When the test procedure described above is performed, an error may be introduced at the integrator output by the leakage current from the common driver circuit 630. This is because the transistors or other switch circuits in the driver 830 have some finite off state impedance even after the switches 632a-632e are opened. Leakage current through this impedance can also charge the integrating capacitor of integrator 650 during the test procedure, such that the output voltage of integrator 650 is only caused by charge migration caused by adjusting the segment voltage. It is different from the generated voltage.

To solve this problem, a leakage compensation circuit can be coupled to one or more common lines under test. 13 is a schematic diagram of an example of a leakage compensation circuit coupled to one or more common lines under test. In this implementation, the leakage compensation circuit 700 is coupled at the input of the state sensing circuit (integrator 650 in this implementation). For example, if line 620 of FIG. 11 is under test, line 620 is set to the desired test voltage, switch 642a is closed, and switch 632a is open. As mentioned earlier, even when switch 632a is open, leakage current still flows on line 620 to charge isolation capacitor 712. To reduce the effect of this leakage current on integrator 650 measurements, switch 710 is initially opened, switch 714 is opened, and switches 716 and 718 of the leak compensation circuit are closed. Leakage current I _L then flows to the integrating capacitor of integrator 720 to produce an inverted voltage output. This output is fed to a voltage-to-current converter 730 through a buffer 722. The voltage-to-current converter 730 produces a current in the opposite direction to the leakage current, and this loop can be stabilized when the output current of the voltage-to-current converter is substantially equal in magnitude and opposite in direction to the leakage current. At this time, since the integrating capacitor of the integrator 720 is charged (or discharged) by the leakage current and discharged (or charged) by about the same amount by the output of the voltage-to-current converter 730, the output of the integrator 720 changes. Is not generated.

Once this loop is stable, the switch 716 of the leak compensation circuit is opened and the switch 710 is closed so that both the line 620 and the leak compensation circuit 700 under test are connected to the input of the integrator 650. If this occurs, the leakage current flowing into (or out of) the integrating capacitor of integrator 650 is canceled by the same magnitude but opposite direction current output of voltage-to-current converter 730. By this implementation, the charge resulting from the adjustment of the segment voltage during the test is the only net charge flow seen by the integrator 650, and the resulting output, even in the presence of leakage current from the common line driver 630, An accurate representation of the display device capacitance along the line.

FIG. 14 is a schematic diagram of one implementation of the voltage-current converter of FIG. 13. Various implementations are possible, but in this example, voltage input 731 from buffer 722 is summed with the output voltage of the voltage-to-current converter. This sum is amplified and routed through resistor 732 with resistance R _M. With this output-to-input feedback design, the current output 738 by this circuit is the input voltage V _IN divided by the resistance R _M.

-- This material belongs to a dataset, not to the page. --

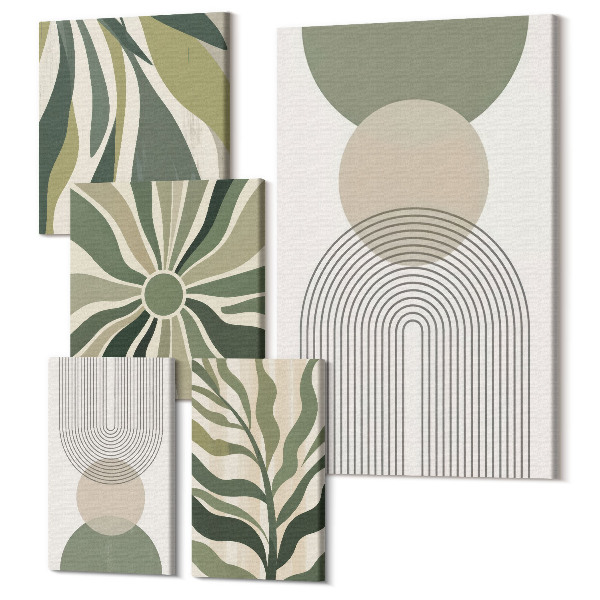 Sada obrazov na stenu pentaptych Štýlové abstrakcie v odtieňoch zelenej a béžovej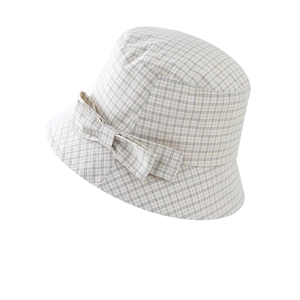 Chapeau bob à carreaux style japonais respirant avec un joli détail de nœud papillon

15 is a flowchart of an example of a leak compensation method. The method begins at block 810 where common lines to be tested are connected to the leakage compensation circuit. The method goes to block 820 where a compensation current is generated by the leakage compensation circuit. The method then proceeds to block 830 where both the common lines to be tested and the leakage compensation circuit are connected to the state sensing circuit. As shown in FIG. 13, this state sensing circuit may be an integrator.

16A and 16B show an example of a system block diagram showing a display device 40 including a plurality of interferometric modulators. Display device 40 may be, for example, a cellular or mobile phone. However, the same components of the display device 40 or some variations thereof also represent various types of display devices, such as televisions, e-readers, and portable media players.

The display device 40 includes a housing 41, a display 30, an antenna 43, a speaker 45, an input device 48, and a microphone 46. The housing 41 can be formed from any of a variety of manufacturing processes, including injection molding and vacuum forming. In addition, the housing 41 may be formed from any of a variety of materials including, but not limited to, plastic, metal, glass, rubber, and ceramic or a combination thereof. The housing 41 may include a detachable portion (not shown) that may be exchanged with other detachable portions of different colors or including different logos, pictures, or symbols.

Display 30 may be any of a variety of displays, including bistable or analog displays, as described herein. Display 30 may also be configured to include flat panel displays such as plasma, EL, OLED, STN, LCD or TFT LCDs, or non-planar displays such as CRTs or other tube devices. The display 30 may also include an interferometric modulator display, as described herein.

Components of the display device 40 are schematically shown in FIG. 16B. The display device 40 includes a housing 41 and may include additional components at least partially contained therein. For example, the display device 40 includes a network interface 27 that includes an antenna 43 coupled to the transceiver 47. The transceiver 47 is connected to the processor 21, which is connected to conditioning hardware 52. The conditioning hardware 52 can be configured to adjust the signal (eg, filter the signal). The adjustment hardware 52 is connected to the speaker 45 and the microphone 46. The processor 21 is also connected to the input device 48 and the driver controller 29. Driver controller 29 is coupled to frame buffer 28 and to array driver 22, which is then coupled to display array 30. The power supply 50 can provide power to all components required by a particular display device 40 design.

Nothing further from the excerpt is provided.